[Data extracted from a collection]
- - - - -

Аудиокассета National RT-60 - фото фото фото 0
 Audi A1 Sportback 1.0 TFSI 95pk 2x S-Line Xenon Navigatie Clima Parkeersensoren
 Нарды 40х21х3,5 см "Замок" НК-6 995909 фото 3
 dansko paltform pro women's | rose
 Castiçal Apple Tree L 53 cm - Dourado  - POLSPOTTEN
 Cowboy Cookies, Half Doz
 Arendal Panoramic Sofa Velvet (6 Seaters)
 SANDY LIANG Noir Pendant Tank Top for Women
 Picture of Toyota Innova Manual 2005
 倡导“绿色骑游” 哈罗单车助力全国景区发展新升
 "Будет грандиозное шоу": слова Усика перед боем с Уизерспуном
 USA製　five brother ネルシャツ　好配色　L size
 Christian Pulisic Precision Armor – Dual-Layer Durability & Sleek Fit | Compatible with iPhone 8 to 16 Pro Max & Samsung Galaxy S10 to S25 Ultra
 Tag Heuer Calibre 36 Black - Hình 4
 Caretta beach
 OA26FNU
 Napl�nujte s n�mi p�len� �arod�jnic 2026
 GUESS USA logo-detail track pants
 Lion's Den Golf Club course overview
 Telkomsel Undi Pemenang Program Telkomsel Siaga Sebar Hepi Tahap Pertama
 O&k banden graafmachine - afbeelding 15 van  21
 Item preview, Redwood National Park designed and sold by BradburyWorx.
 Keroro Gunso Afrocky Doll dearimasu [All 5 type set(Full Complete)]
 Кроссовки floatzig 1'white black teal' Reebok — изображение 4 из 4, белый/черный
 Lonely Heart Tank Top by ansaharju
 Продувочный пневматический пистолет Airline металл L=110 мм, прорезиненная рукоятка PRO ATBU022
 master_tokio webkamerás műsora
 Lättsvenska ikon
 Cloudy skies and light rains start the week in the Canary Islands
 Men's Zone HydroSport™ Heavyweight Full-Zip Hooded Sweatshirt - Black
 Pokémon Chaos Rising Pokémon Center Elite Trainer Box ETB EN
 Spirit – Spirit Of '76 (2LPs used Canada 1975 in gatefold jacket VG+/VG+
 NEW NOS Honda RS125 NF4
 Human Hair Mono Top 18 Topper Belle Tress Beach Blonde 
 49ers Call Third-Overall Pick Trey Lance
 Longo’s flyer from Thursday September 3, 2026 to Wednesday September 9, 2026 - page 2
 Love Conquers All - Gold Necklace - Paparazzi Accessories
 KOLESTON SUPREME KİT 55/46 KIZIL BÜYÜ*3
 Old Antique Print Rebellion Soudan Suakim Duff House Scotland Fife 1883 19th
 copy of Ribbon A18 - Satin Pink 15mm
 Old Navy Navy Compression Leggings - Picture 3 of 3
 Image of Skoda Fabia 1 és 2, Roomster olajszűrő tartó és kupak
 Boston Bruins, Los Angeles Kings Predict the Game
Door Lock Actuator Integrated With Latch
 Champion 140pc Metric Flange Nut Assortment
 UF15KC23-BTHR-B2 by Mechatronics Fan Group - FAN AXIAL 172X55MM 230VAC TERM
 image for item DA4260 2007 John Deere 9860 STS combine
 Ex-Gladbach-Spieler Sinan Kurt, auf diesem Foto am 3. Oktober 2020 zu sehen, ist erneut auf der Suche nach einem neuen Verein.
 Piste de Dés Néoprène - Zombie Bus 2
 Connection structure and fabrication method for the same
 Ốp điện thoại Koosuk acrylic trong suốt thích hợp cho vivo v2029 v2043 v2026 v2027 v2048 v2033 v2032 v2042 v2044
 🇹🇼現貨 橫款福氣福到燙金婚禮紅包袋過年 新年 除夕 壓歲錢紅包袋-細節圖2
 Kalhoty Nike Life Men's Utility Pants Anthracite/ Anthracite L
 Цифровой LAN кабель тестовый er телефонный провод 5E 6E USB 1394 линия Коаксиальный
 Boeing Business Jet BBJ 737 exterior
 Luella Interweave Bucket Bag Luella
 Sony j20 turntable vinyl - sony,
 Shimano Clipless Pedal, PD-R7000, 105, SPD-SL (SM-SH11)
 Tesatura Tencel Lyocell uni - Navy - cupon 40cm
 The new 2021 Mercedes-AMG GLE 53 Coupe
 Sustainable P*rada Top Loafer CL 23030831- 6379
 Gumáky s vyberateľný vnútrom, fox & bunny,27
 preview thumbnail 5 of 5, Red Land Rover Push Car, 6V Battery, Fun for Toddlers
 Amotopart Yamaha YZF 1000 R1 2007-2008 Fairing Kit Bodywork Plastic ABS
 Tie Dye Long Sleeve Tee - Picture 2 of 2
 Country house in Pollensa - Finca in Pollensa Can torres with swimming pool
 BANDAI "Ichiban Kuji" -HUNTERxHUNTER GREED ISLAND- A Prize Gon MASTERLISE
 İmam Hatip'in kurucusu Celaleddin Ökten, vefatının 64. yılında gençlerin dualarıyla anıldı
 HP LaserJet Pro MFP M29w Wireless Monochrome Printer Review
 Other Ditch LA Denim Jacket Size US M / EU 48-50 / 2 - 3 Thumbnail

- - - - -

WHAT TO WORK ON:
Looking back over the data above, restate word for word the lines that begin at the line with "Men's Zone HydroSport™" and end at the line with "Image of Skoda", inclusive.

WRITTEN REPLY:
 Men's Zone HydroSport™ Heavyweight Full-Zip Hooded Sweatshirt - Black
 Pokémon Chaos Rising Pokémon Center Elite Trainer Box ETB EN
 Spirit – Spirit Of '76 (2LPs used Canada 1975 in gatefold jacket VG+/VG+
 NEW NOS Honda RS125 NF4
 Human Hair Mono Top 18 Topper Belle Tress Beach Blonde 
 49ers Call Third-Overall Pick Trey Lance
 Longo’s flyer from Thursday September 3, 2026 to Wednesday September 9, 2026 - page 2
 Love Conquers All - Gold Necklace - Paparazzi Accessories
 KOLESTON SUPREME KİT 55/46 KIZIL BÜYÜ*3
 Old Antique Print Rebellion Soudan Suakim Duff House Scotland Fife 1883 19th
 copy of Ribbon A18 - Satin Pink 15mm
 Old Navy Navy Compression Leggings - Picture 3 of 3
 Image of Skoda Fabia 1 és 2, Roomster olajszűrő tartó és kupak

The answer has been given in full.